| Assignment |
An exact copy of every entry is needed, with no images.

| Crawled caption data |
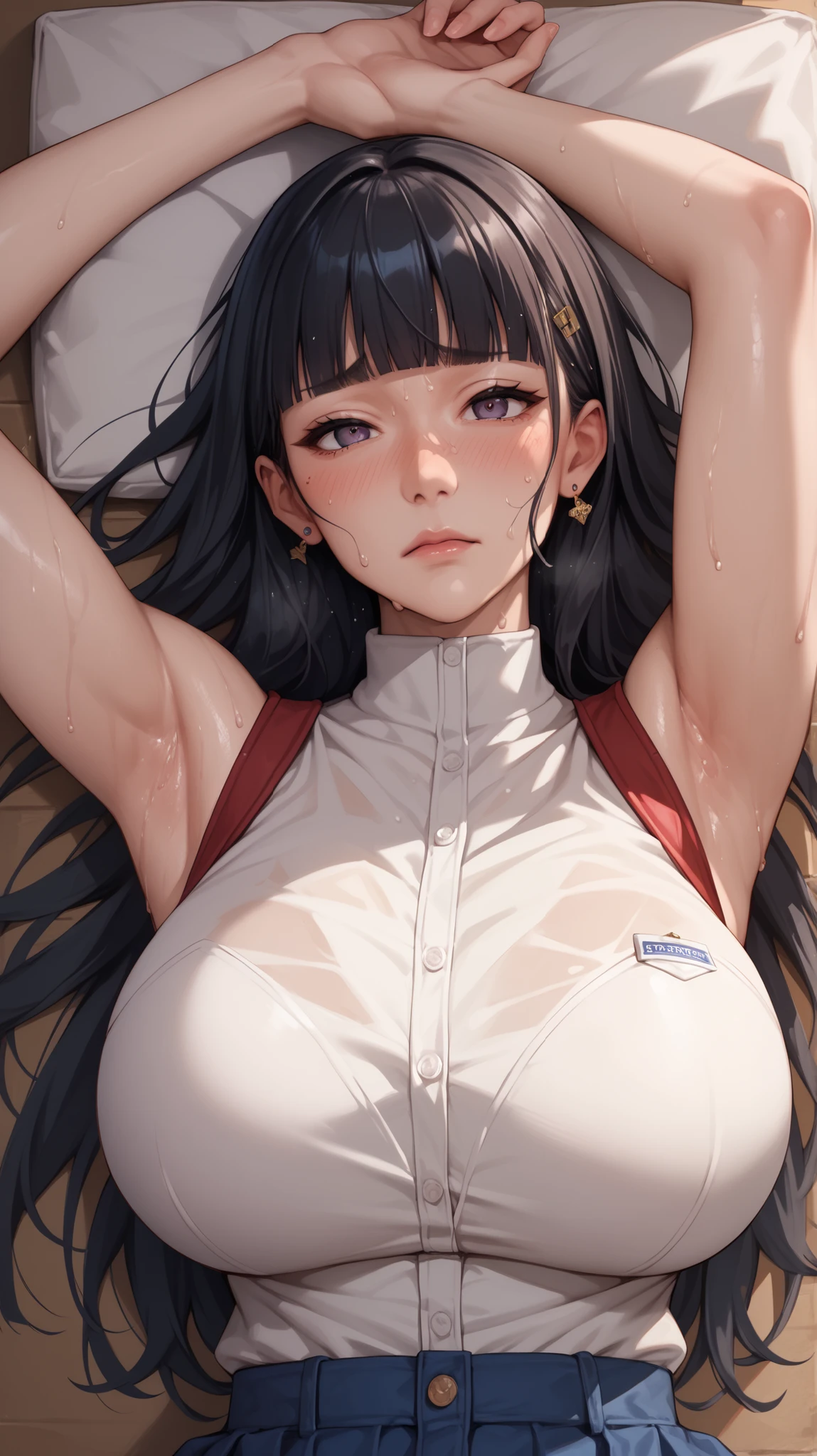 tan skinned anime woman wearing a cami top and jeans, famished in hunger, (necklace), (gently resting hands on stomach), (sweating), (lying down), (long hair), (hands on stomach)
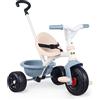 Smoby - Triciclo Be Fun azzurro, 7600740336, evolutivo, con struttura in metallo, asta parentale removibile, + 15 mesi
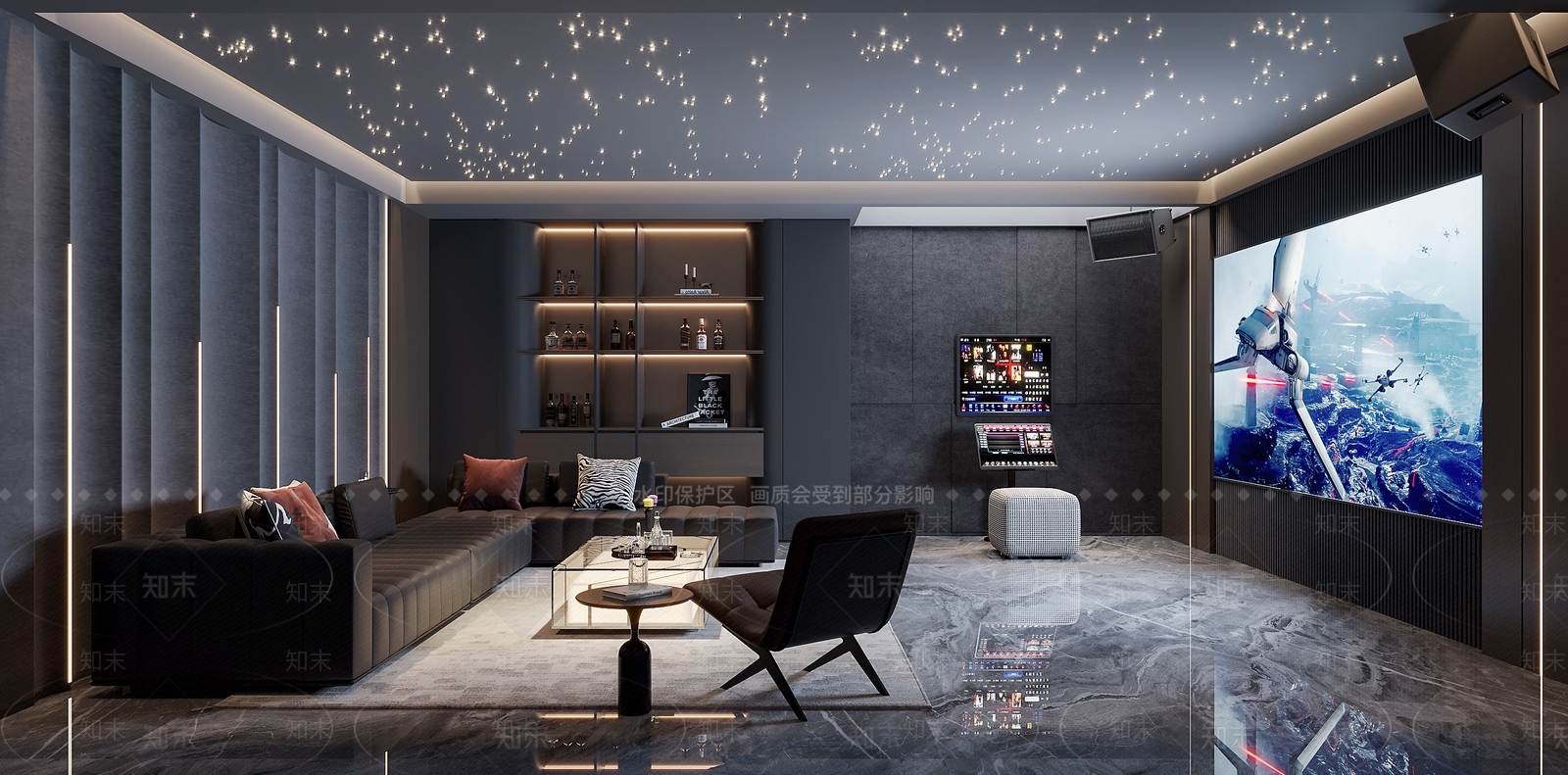 现代影音室3D模型下载【ID:1188823485】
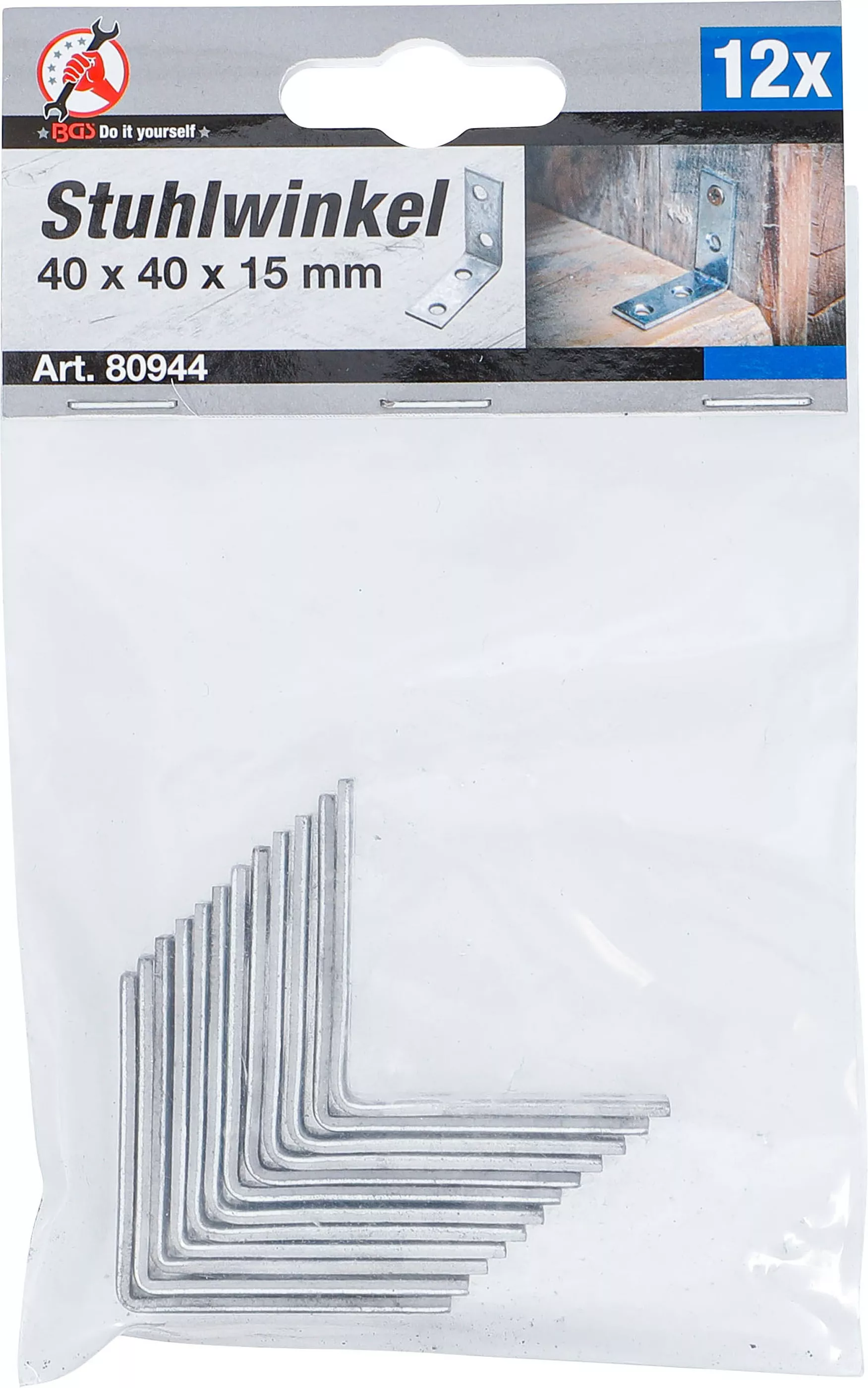 Vinkelbeslag | 40 x 40 x 15 mm | 12 delar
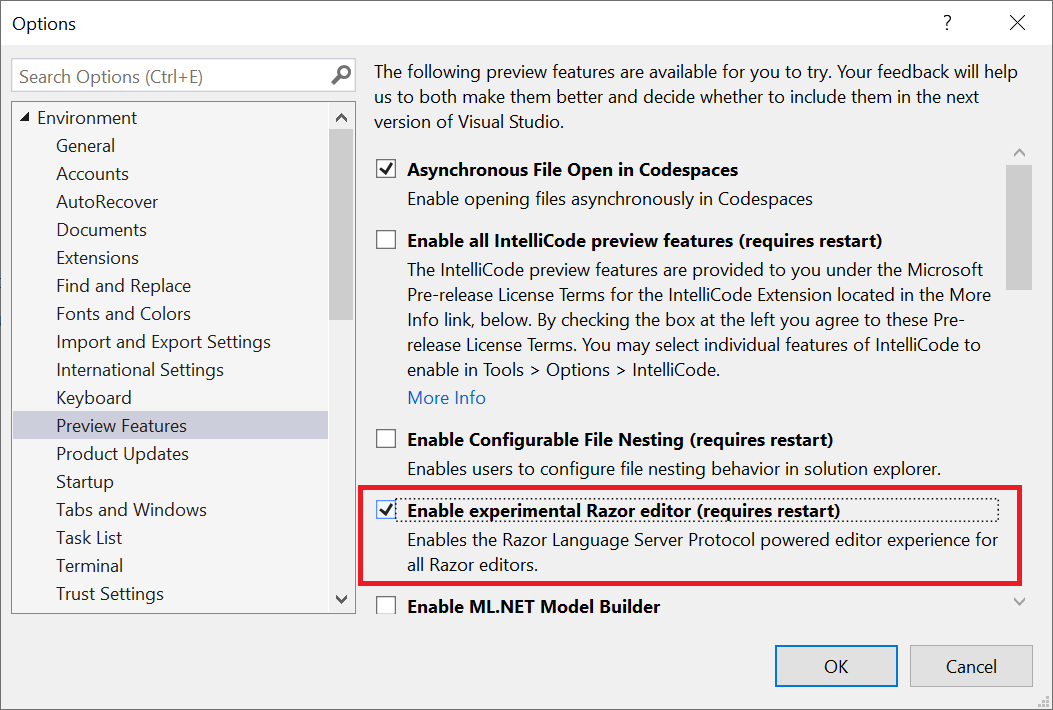 Try the new Razor editor for Visual Studio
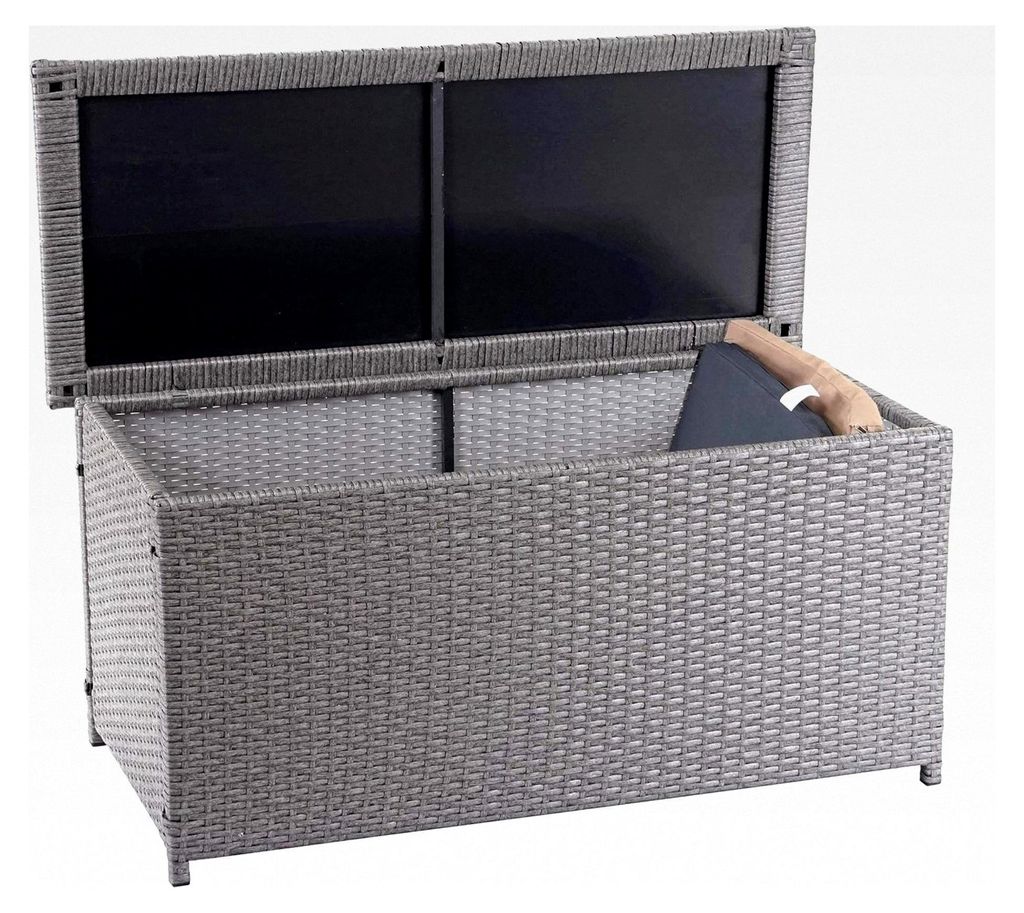 Poly-Rattan Kissenbox, Gartentruhe Auflagenbox, 63x135x52cm 320l - grau
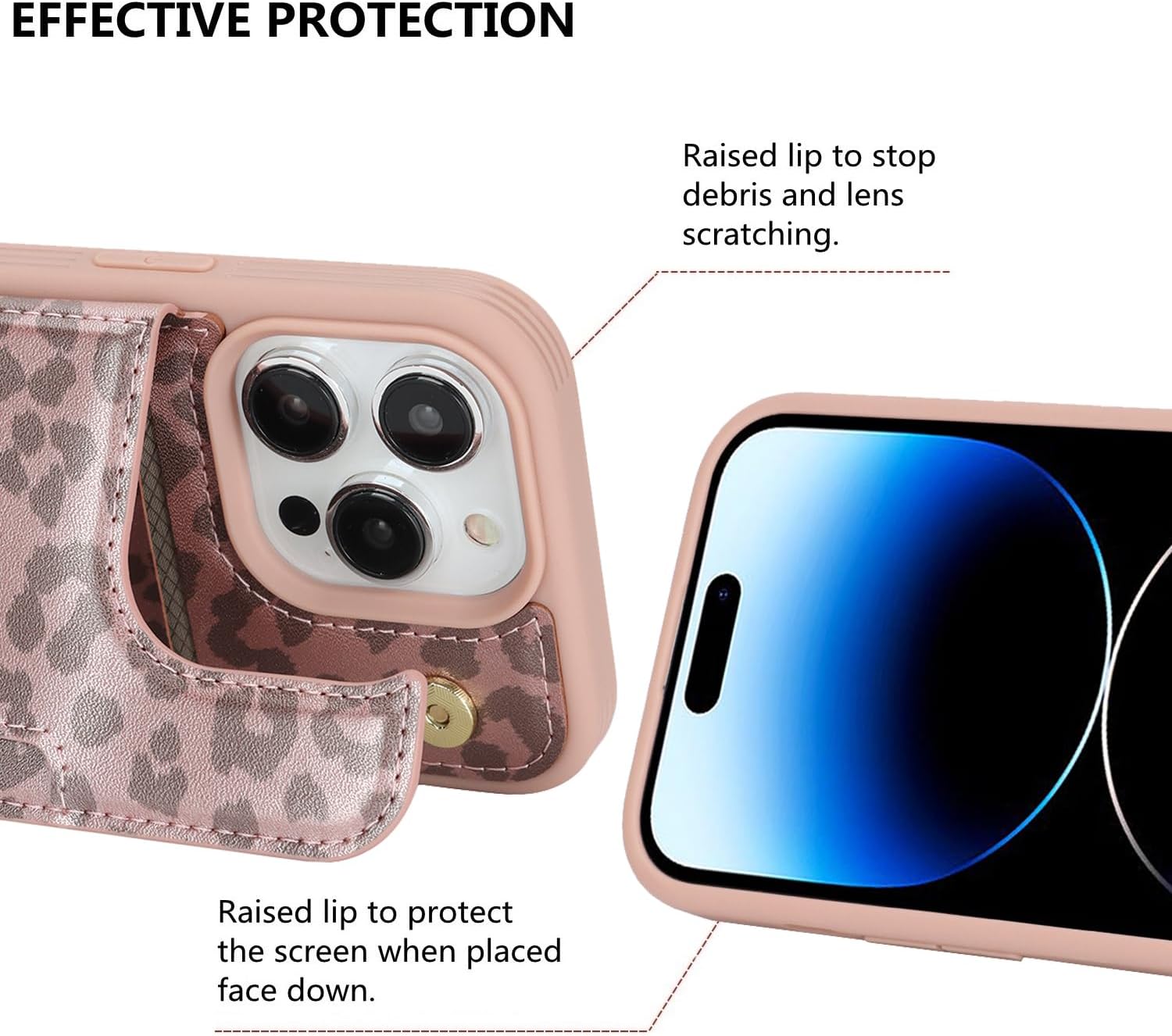 iCoverCase Compatible with iPhone 14 Pro Case with Card Holder, Wallet Case for Women Men RFID Blocking PU Leather Protective Phone Case 6.1 Inch (Rose Gold Leopard) - Image 6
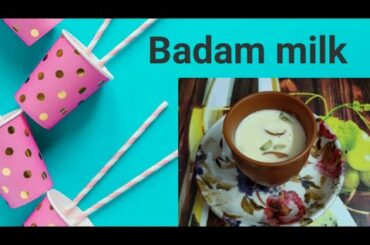 Homemade Badam milk || Healthy and tasty recipe badam milk in Telugu.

| Exercise result |
 tan skinned anime woman wearing a cami top and jeans, famished in hunger, (necklace), (gently resting hands on stomach), (sweating), (lying down), (long hair), (hands on stomach)
 Smoby - Triciclo Be Fun azzurro, 7600740336, evolutivo, con struttura in metallo, asta parentale removibile, + 15 mesi
 现代影音室3D模型下载【ID:1188823485】
 Vinkelbeslag | 40 x 40 x 15 mm | 12 delar
 Try the new Razor editor for Visual Studio
 Poly-Rattan Kissenbox, Gartentruhe Auflagenbox, 63x135x52cm 320l - grau
 iCoverCase Compatible with iPhone 14 Pro Case with Card Holder, Wallet Case for Women Men RFID Blocking PU Leather Protective Phone Case 6.1 Inch (Rose Gold Leopard) - Image 6
 Homemade Badam milk || Healthy and tasty recipe badam milk in Telugu.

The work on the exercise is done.